There have been 3 deadly avalanches since the beginning of 2021, taking the lives of six people.
As Penrose saw the snow wave approaching, he immediately grabbed his avalanche backpack and alerted his brother of the slide.
“I pulled my Klim avalanche backpack and boom, nothing happened… A second later the snow hit and the swimming started,” Penrose informs.
Penrose then goes on to share a terrifying video of a massive wave of snow blasting toward his group of sled riders:
(Warning: The following videos contain language that may be offensive to some viewers)
According to Penrose, after the snow hit, he was able to unbury himself.

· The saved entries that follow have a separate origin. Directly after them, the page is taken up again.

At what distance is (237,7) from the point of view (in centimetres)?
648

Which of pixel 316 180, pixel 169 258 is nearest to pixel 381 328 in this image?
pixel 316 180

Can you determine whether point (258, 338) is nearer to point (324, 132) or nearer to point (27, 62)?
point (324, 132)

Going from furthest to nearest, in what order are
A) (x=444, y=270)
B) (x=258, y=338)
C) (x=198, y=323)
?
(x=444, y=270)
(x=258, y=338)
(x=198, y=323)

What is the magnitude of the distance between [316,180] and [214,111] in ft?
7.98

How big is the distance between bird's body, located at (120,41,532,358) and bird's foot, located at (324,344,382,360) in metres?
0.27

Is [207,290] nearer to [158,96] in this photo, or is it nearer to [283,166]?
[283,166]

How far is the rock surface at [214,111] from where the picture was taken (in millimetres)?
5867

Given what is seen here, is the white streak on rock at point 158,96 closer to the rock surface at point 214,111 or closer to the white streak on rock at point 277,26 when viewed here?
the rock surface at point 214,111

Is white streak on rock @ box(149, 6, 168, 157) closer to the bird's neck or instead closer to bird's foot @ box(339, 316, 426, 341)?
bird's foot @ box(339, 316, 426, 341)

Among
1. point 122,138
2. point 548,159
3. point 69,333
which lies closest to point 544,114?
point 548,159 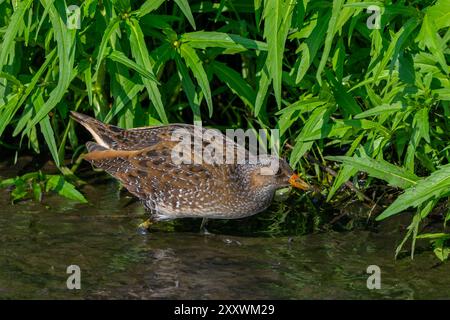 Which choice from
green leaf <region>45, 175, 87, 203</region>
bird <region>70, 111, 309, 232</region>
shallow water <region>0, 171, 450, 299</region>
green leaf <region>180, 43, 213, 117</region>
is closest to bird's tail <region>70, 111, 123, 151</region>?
bird <region>70, 111, 309, 232</region>

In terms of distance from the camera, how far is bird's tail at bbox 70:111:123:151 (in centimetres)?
690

“Only being buried to my lower chest I dug myself out,” Penrose shares. “My little brother’s sled was running and I could hear the yelling on the radio… I could hear someone in the trees, but I couldn’t figure out where. I ran to my brother’s sled and turned it off. I now could hear him screaming my name.”
Penrose then shares a video of him uncovering his brother following the near deadly slide.

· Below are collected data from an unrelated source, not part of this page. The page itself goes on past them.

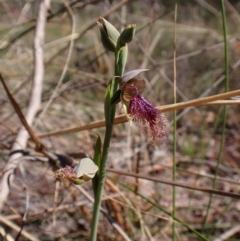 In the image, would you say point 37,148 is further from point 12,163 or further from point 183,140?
point 183,140

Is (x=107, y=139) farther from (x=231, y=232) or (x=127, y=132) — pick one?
(x=127, y=132)

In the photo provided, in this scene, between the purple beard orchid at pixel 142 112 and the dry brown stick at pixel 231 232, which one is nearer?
the purple beard orchid at pixel 142 112

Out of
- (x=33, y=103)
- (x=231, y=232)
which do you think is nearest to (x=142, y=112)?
(x=33, y=103)

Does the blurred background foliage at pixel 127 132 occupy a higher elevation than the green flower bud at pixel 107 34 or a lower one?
higher

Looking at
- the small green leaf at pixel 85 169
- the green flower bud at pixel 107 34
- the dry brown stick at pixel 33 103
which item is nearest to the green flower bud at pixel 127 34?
the green flower bud at pixel 107 34

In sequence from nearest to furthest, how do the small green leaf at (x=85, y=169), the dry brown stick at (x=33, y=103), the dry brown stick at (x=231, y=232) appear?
the small green leaf at (x=85, y=169) < the dry brown stick at (x=33, y=103) < the dry brown stick at (x=231, y=232)

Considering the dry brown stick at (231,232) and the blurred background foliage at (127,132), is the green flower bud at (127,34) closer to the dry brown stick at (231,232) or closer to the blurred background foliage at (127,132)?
the blurred background foliage at (127,132)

“Had I not been able to hear his voice I would of been lost,” adds Penrose. “My beacon, probe, and shovel were all in my backpack but I would of had no clue what to do first. Let me tell you There is no worse feeling than having your little brother buried. I followed his voice and saw the top of his black helmet and his voice and started digging. About 60 seconds later I had his face uncovered.”
According to officials, some group members who were buried, were able to unbury themselves out.

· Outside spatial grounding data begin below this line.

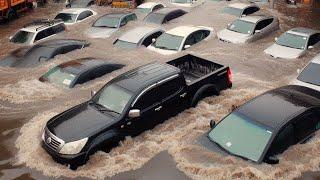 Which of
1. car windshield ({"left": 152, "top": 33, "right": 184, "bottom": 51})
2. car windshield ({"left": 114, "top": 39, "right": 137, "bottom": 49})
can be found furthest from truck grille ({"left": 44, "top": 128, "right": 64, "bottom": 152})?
car windshield ({"left": 114, "top": 39, "right": 137, "bottom": 49})

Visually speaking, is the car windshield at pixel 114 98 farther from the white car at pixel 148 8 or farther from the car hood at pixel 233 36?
the white car at pixel 148 8

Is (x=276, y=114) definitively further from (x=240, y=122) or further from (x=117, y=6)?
(x=117, y=6)

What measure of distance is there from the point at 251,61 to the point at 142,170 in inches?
327

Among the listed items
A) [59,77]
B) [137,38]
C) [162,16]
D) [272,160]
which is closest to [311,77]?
[272,160]

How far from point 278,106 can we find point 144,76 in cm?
333

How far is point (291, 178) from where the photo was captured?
8461mm

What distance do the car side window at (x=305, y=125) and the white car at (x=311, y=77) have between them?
295cm

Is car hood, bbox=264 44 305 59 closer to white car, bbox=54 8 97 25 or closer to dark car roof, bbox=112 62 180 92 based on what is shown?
dark car roof, bbox=112 62 180 92

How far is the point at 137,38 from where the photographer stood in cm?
1748

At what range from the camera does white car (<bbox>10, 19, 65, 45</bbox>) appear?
59.7 feet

This all occurred on the same day four skiers died in a Millcreek avalanche.
According to the Utah Avalanche Center, that was the deadliest avalanche in Utah history since 1992 where four others also died.
And just before that in January, two men also died after being buried in Utah’s avalanches.
The death of 57-year-old Kurt Damshroder marks the second person to die in an avalanche in Summit County in January.
His story, along with the late 31-year-old Kevin Jack Steuterman, has heightened safety concerns in the backcountry.
Craig Gordon with Utah’s Avalanche Association said it is wise to listen to any warnings put out, especially if there is a high avalanche risk.
Avalanches may seem to strike without warning, making avoiding one seemingly impossible. But, according to the Utah Avalanche Center, avalanches are often triggered and there can be signs that one is about to happen.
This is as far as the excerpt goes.